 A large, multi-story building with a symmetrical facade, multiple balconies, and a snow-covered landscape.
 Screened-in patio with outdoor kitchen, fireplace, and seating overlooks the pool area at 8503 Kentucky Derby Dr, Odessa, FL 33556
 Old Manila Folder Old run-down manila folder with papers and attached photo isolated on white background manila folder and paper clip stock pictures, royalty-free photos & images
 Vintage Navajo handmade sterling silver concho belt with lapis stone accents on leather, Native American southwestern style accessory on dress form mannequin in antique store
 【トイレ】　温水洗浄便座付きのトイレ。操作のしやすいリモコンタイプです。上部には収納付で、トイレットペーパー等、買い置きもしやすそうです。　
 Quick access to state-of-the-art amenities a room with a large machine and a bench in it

...

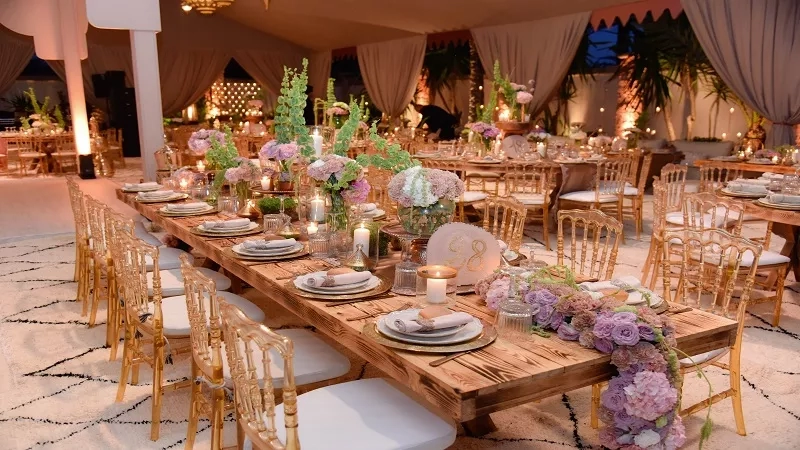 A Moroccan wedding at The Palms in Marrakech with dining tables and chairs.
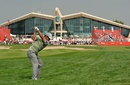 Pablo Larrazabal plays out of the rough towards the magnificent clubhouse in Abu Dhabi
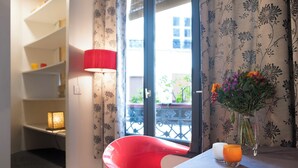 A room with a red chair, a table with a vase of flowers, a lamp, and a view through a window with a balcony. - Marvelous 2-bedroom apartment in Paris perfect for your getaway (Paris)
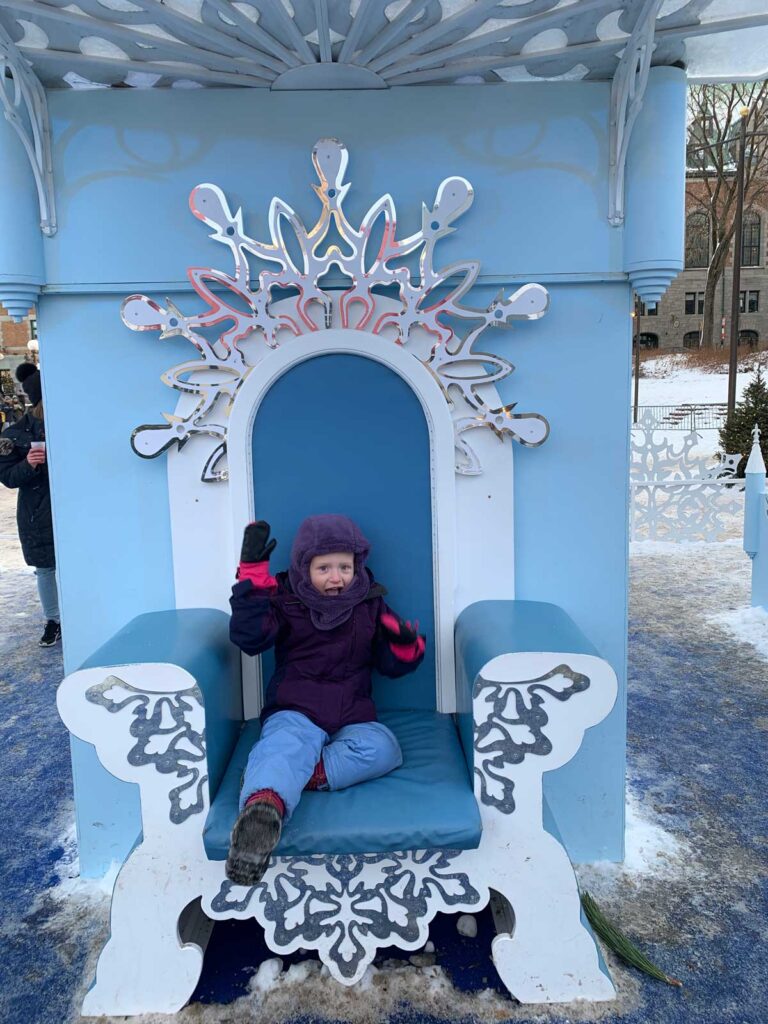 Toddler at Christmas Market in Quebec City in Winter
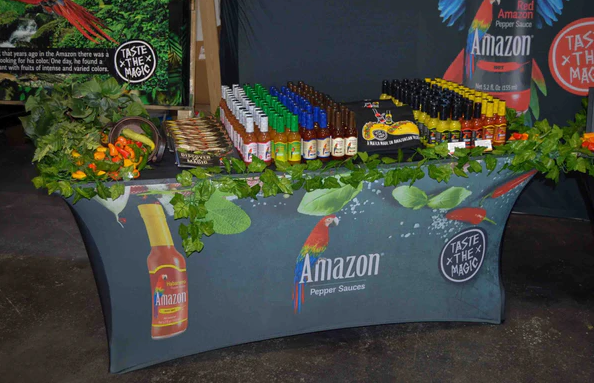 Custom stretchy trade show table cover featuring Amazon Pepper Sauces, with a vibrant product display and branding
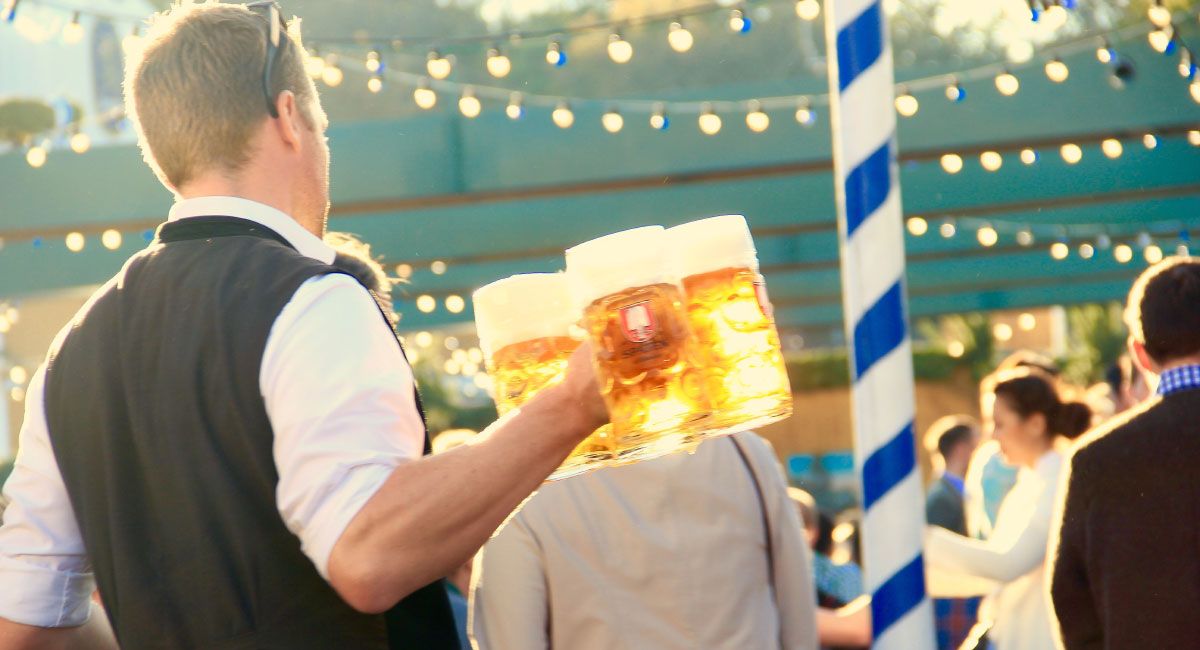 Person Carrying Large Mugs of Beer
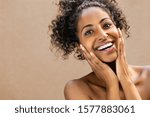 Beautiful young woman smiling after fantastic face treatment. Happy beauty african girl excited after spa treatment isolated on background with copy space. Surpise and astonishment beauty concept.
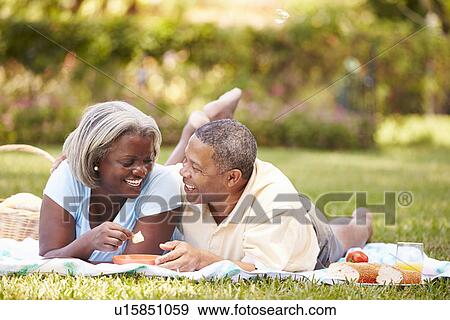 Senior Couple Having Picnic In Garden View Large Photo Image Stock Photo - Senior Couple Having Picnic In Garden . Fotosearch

What to do: Output only the stretch above from the line with "A Moroccan wedding" through the line with "Person Carrying Large Mugs of Beer", reproduced exactly. Exclude pictures.

The completed task:
 A Moroccan wedding at The Palms in Marrakech with dining tables and chairs.
 Pablo Larrazabal plays out of the rough towards the magnificent clubhouse in Abu Dhabi
 A room with a red chair, a table with a vase of flowers, a lamp, and a view through a window with a balcony. - Marvelous 2-bedroom apartment in Paris perfect for your getaway (Paris)
 Toddler at Christmas Market in Quebec City in Winter
 Custom stretchy trade show table cover featuring Amazon Pepper Sauces, with a vibrant product display and branding
 Person Carrying Large Mugs of Beer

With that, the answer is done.